(Scraped caption text data)
= = = = = = =

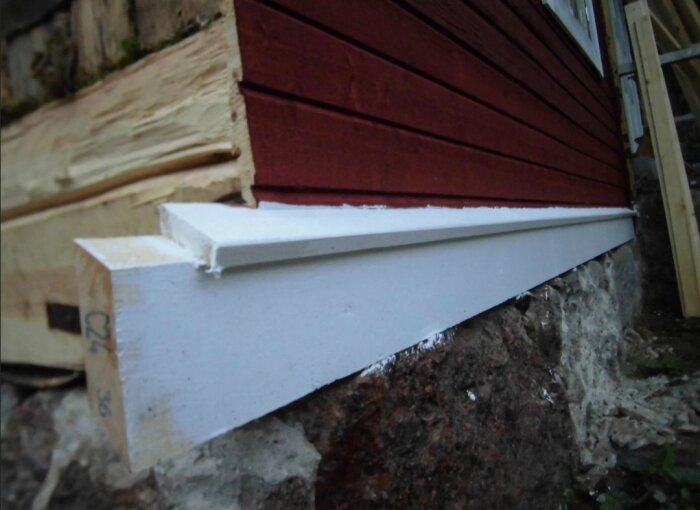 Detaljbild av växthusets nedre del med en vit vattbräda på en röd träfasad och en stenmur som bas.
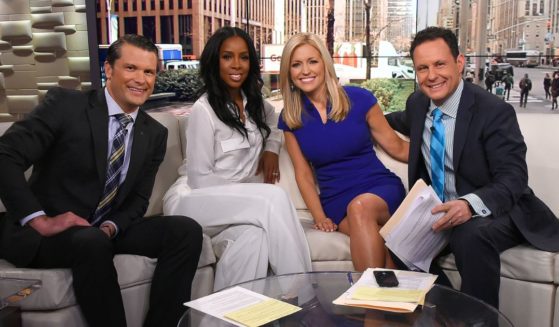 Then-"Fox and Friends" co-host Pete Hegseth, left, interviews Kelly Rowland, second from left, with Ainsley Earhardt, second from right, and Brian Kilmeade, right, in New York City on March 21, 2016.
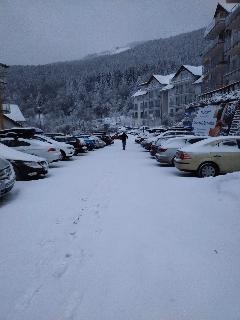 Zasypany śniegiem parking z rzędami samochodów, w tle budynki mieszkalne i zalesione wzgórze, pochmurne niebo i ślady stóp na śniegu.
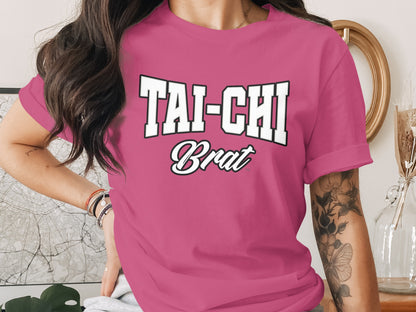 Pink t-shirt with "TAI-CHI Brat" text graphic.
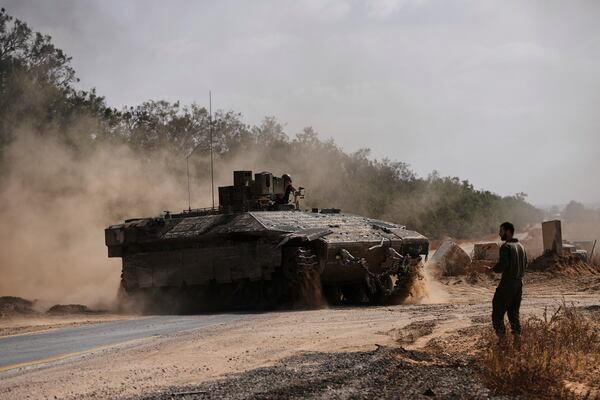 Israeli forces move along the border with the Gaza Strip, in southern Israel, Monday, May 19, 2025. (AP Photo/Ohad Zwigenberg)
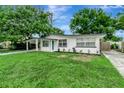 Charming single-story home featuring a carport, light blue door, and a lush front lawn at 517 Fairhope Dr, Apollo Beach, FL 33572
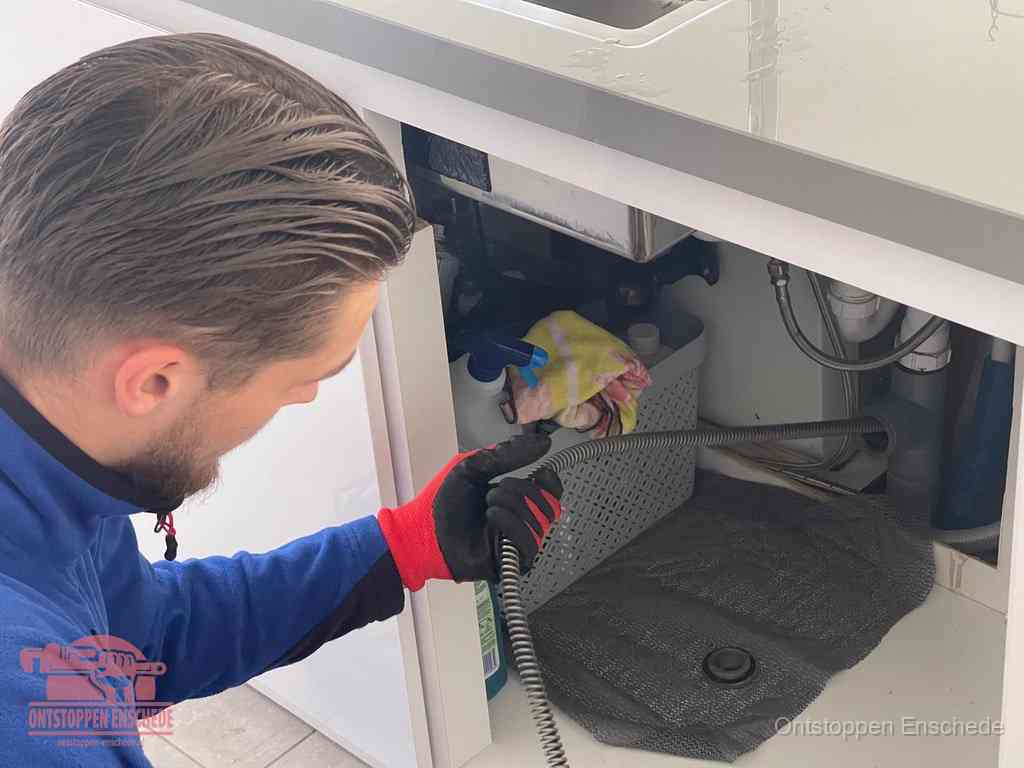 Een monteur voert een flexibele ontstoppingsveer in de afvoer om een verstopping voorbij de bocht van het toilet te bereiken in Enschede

= = = = = = =

▸ **Work to be completed**:
Copy the entries above exactly, but only the stretch from the line containing "Zasypany śniegiem parking" through the line containing "Pink t-shirt with". Keep both end lines; drop the pictures.

▸ **Output below**:
 Zasypany śniegiem parking z rzędami samochodów, w tle budynki mieszkalne i zalesione wzgórze, pochmurne niebo i ślady stóp na śniegu.
 Pink t-shirt with "TAI-CHI Brat" text graphic.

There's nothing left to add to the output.